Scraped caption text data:
────────

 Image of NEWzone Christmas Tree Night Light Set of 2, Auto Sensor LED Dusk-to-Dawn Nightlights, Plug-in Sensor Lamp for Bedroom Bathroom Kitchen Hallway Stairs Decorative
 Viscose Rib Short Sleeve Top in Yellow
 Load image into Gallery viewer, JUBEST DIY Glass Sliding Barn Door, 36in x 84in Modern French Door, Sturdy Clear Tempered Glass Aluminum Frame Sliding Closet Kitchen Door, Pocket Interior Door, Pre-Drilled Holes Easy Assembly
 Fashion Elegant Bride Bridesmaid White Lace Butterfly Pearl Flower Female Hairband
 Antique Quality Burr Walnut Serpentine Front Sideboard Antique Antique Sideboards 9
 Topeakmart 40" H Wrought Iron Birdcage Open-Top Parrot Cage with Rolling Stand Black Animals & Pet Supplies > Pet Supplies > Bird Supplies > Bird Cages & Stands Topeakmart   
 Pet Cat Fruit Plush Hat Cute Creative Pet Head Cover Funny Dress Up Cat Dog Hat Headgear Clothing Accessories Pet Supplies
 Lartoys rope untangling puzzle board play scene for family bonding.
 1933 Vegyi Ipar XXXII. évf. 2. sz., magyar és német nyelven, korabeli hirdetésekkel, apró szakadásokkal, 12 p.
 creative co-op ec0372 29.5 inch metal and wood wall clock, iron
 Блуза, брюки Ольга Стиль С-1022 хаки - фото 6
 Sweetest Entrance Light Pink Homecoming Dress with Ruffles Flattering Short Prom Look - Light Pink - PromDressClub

────────

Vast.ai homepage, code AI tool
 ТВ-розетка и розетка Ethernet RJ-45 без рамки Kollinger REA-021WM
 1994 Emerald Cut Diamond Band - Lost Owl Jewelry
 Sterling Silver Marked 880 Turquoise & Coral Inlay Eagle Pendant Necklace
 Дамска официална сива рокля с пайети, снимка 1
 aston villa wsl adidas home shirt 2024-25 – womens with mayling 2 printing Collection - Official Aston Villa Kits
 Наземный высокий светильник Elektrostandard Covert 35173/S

────────

**What you have to do**. Show all lines above that contain "Light".

**Reply to the task**.
 Image of NEWzone Christmas Tree Night Light Set of 2, Auto Sensor LED Dusk-to-Dawn Nightlights, Plug-in Sensor Lamp for Bedroom Bathroom Kitchen Hallway Stairs Decorative
 Sweetest Entrance Light Pink Homecoming Dress with Ruffles Flattering Short Prom Look - Light Pink - PromDressClub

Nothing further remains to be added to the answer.